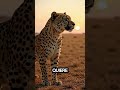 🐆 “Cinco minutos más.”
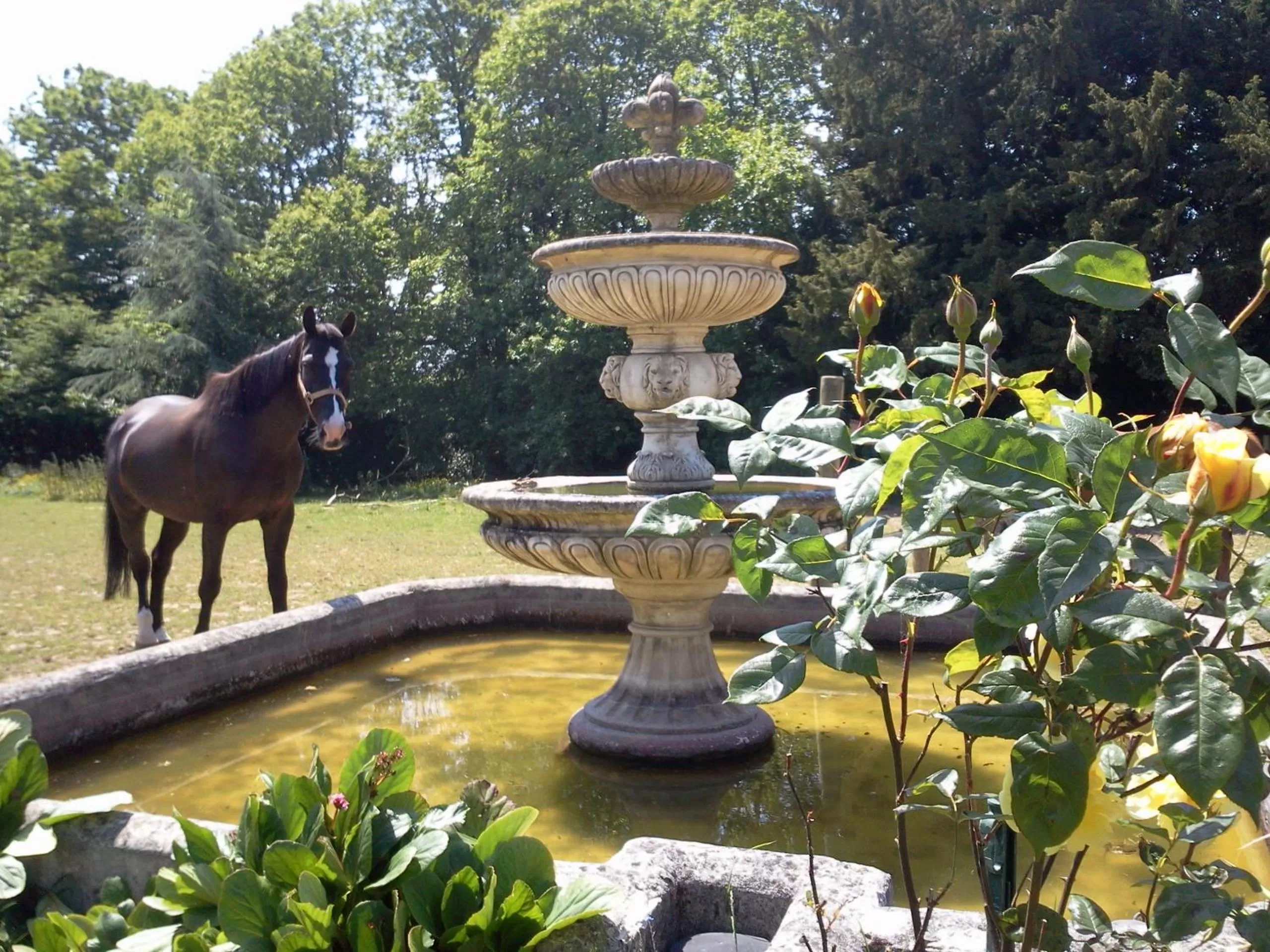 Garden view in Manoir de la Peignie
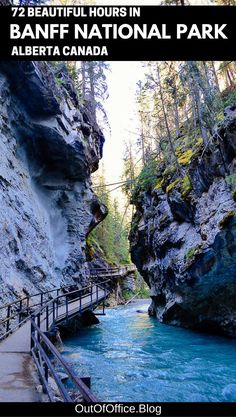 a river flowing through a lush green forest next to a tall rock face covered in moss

==

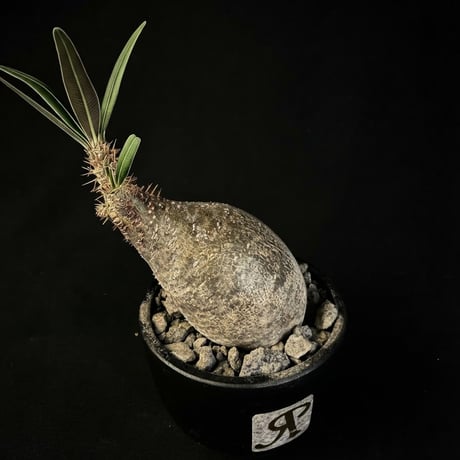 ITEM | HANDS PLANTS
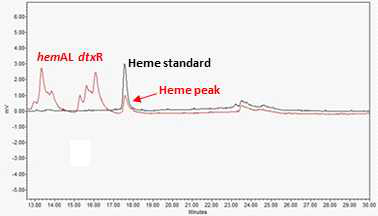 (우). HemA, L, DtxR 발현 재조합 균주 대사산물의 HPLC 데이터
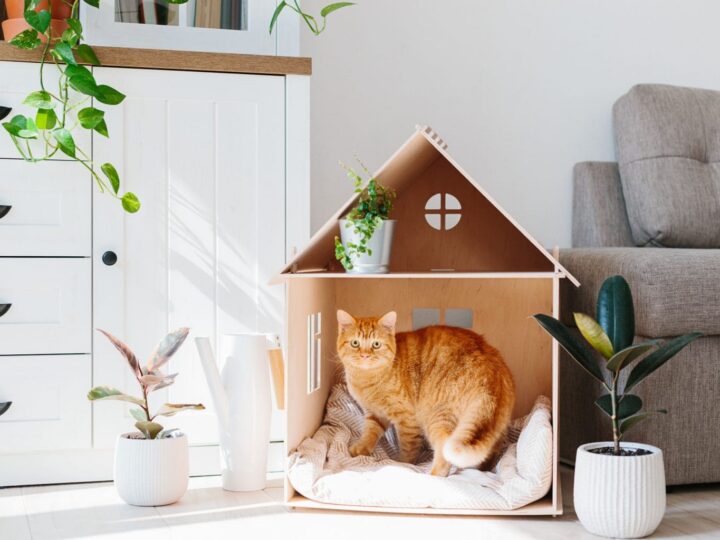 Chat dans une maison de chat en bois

▶ [What is needed]
Pictures excluded, reproduce only the part above that opens with the line holding "(우). HemA, L, DtxR 발현 재조합 균주 대사산물의 HPLC 데이터" and closes with the line holding "Chat dans une maison de chat en bois", exactly as written.

▶ [Response box]
 (우). HemA, L, DtxR 발현 재조합 균주 대사산물의 HPLC 데이터
 Chat dans une maison de chat en bois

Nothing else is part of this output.